What the task asks:
The required output is an exact copy of the lines from the one containing "1/20 Scale World" through the end of the entries below, with pictures removed.

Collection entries
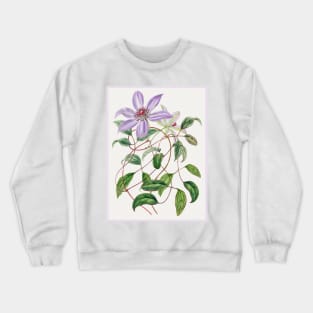 Violet Clematis Flower Branch Crewneck Sweatshirt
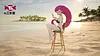1/20 Scale World Zukan Beach Jessie - Pokemon Resin Statue - TS Studios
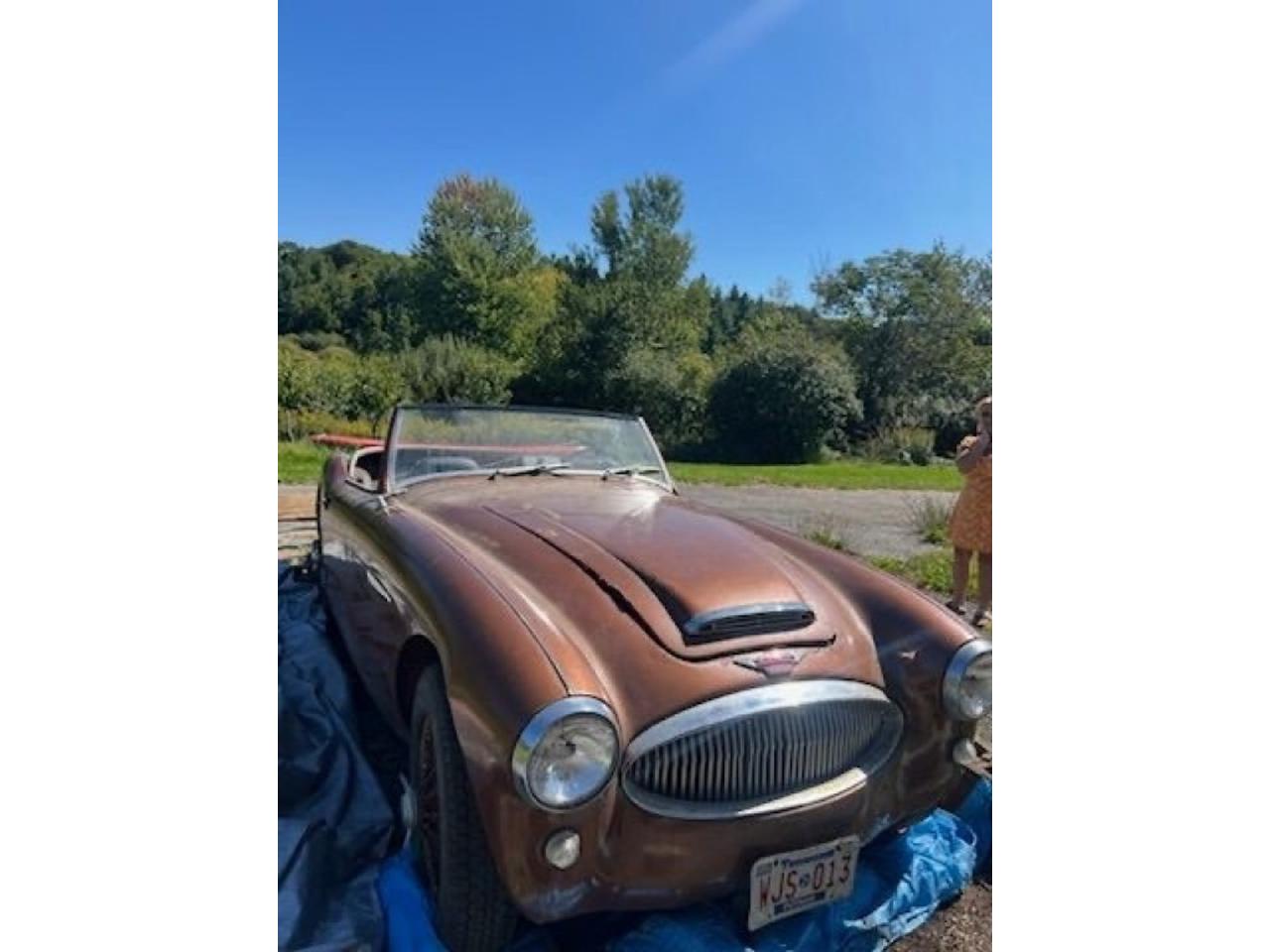 1961 Austin - Healey 3000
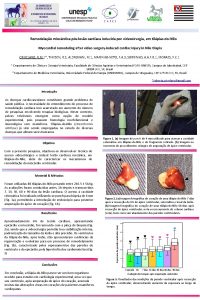 Remodelao miocrdica psleso cardaca induzida por videocirurgia em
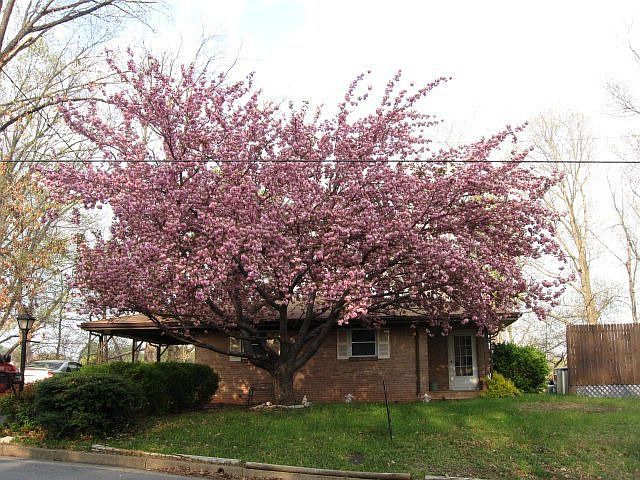 1st image of 1317 Askin St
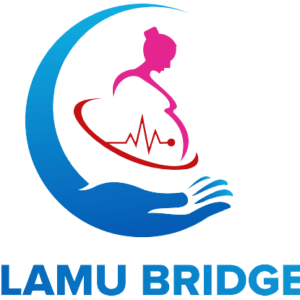 Bulamu Bridge AI's logos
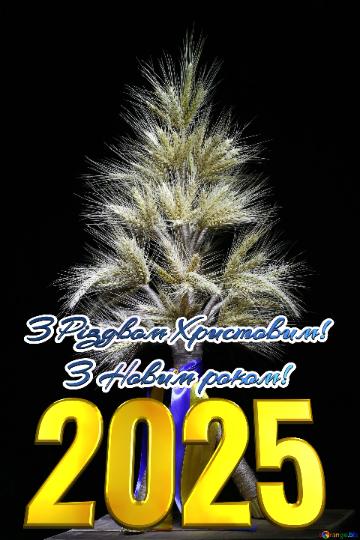 З Різдвом Христовим! З Новим роком! 2025  The Symbol Of The New Year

Task response:
1/20 Scale World Zukan Beach Jessie - Pokemon Resin Statue - TS Studios
 1961 Austin - Healey 3000
 Remodelao miocrdica psleso cardaca induzida por videocirurgia em
 1st image of 1317 Askin St
 Bulamu Bridge AI's logos
 З Різдвом Христовим! З Новим роком! 2025  The Symbol Of The New Year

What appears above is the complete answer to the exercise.